→ **What you will do**
Every line in the listing below from the one with "1322 Carolyn Drive, Charlotte, NC 28205" through the one with "Isan Callas(イーサンカラス)の新品未使用 Isan" is to be reproduced exactly, both ends included; leave out the rest.

→ **Provided records**
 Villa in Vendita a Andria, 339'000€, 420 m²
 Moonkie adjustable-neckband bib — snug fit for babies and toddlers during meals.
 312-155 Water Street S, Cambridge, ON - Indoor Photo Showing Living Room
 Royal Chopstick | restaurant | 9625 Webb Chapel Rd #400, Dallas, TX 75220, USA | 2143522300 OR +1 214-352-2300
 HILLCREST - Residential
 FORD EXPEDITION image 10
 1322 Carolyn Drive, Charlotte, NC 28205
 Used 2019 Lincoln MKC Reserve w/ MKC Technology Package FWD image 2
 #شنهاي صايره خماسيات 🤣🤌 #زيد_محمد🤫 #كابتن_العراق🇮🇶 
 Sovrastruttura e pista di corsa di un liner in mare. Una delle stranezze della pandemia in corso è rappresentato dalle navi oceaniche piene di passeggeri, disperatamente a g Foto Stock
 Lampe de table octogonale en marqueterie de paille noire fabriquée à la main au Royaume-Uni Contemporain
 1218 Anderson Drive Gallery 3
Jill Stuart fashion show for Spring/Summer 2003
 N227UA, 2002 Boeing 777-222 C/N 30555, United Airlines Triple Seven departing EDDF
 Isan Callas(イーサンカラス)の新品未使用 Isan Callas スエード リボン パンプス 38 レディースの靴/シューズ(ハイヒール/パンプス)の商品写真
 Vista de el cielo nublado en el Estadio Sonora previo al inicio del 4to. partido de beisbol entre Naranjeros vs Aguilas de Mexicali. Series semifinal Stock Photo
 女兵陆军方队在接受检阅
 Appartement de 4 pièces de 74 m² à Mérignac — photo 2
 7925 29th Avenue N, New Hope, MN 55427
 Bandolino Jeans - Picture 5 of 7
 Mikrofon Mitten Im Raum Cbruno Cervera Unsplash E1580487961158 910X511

→ **Task output**
 1322 Carolyn Drive, Charlotte, NC 28205
 Used 2019 Lincoln MKC Reserve w/ MKC Technology Package FWD image 2
 #شنهاي صايره خماسيات 🤣🤌 #زيد_محمد🤫 #كابتن_العراق🇮🇶 
 Sovrastruttura e pista di corsa di un liner in mare. Una delle stranezze della pandemia in corso è rappresentato dalle navi oceaniche piene di passeggeri, disperatamente a g Foto Stock
 Lampe de table octogonale en marqueterie de paille noire fabriquée à la main au Royaume-Uni Contemporain
 1218 Anderson Drive Gallery 3
Jill Stuart fashion show for Spring/Summer 2003
 N227UA, 2002 Boeing 777-222 C/N 30555, United Airlines Triple Seven departing EDDF
 Isan Callas(イーサンカラス)の新品未使用 Isan Callas スエード リボン パンプス 38 レディースの靴/シューズ(ハイヒール/パンプス)の商品写真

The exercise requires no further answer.